KELSEY WALLING / TRIBUNE-HERALD
                                Julian Vasquez Heilig

KELSEY WALLING / TRIBUNE-HERALD

Julian Vasquez Heilig

The second of two final candidates for the position of University of Hawaii president emphasized respect for Hawaiian culture during a forum Tuesday at UH-Hilo.

Julian Vasquez Heilig is one of two finalists vying to replace outgoing UH President David Lassner, who will retire by the end of the year. Heilig is the provost and vice president at Western Michigan University, and was dean at the University of Kentucky’s College of Education, Human Development and Sports Sciences between 2019 and 2023.

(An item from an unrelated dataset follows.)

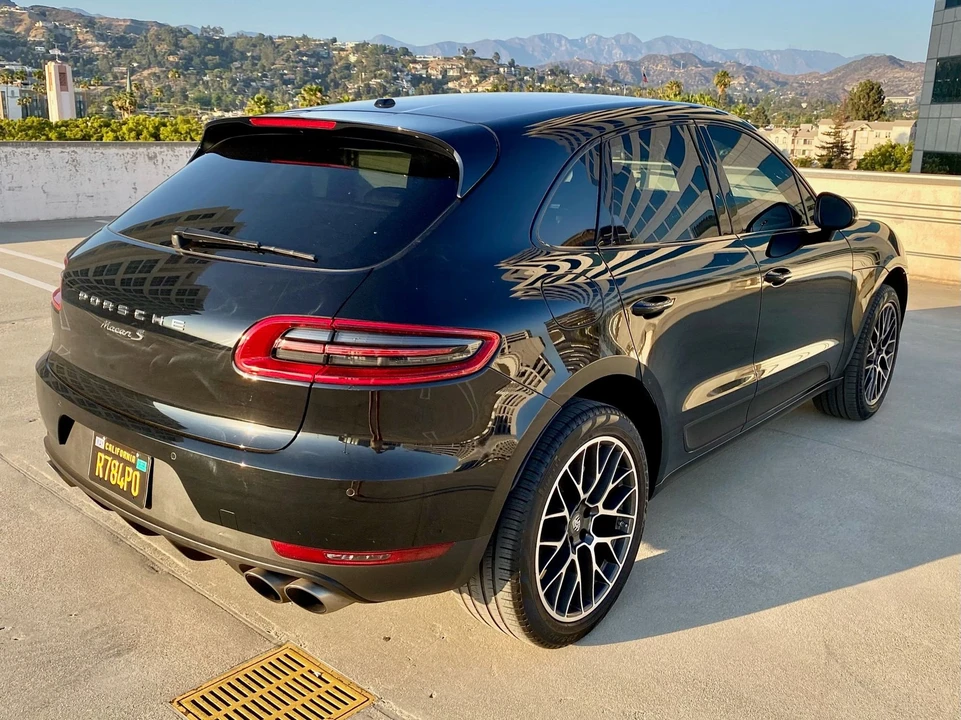 2017 Porsche Macan S - Image 7 of 14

As did fellow finalist Wendy Hensel last week, Heilig is visiting four UH campuses this week to lay out his vision for the university at a series of question- and-answer sessions.

Heilig was repeatedly deferential to the Native Hawaiian community during Tuesday’s forum, emphasizing the need to respect Hawaii’s past and the legacy of its people. He said the university’s responsibility is to “ensure … the knowledge and traditions of this place are passed on … for generations to come.”

At the same time, Heilig said, UH requires a different touch than mainland universities.

“We need to create a system that’s grounded in indigeneity, community-facing and fully aligned with the values of this land,” Heilig said.

The university needs to acknowledge the colonial history of the state, and “think about our commitment to justice.” He said students from underrepresented groups tend to have lower graduation rates, student retention rates and worse job prospects out of college, which he would work to address as president.

The question of the Thirty Meter Telescope and the protection of Mauna Kea arose at the forum, but Heilig noted the future of that project is out of the UH president’s hands at this point.

“If asked by the regents, I would provide good input … as best that I can,” Heilig said.

Heilig said he has a history as a civil rights leader — he served as the education chair for the California and Hawaii state conferences of the NAACP — and those perspectives would influence how he interprets the president’s role to seek equity within the university.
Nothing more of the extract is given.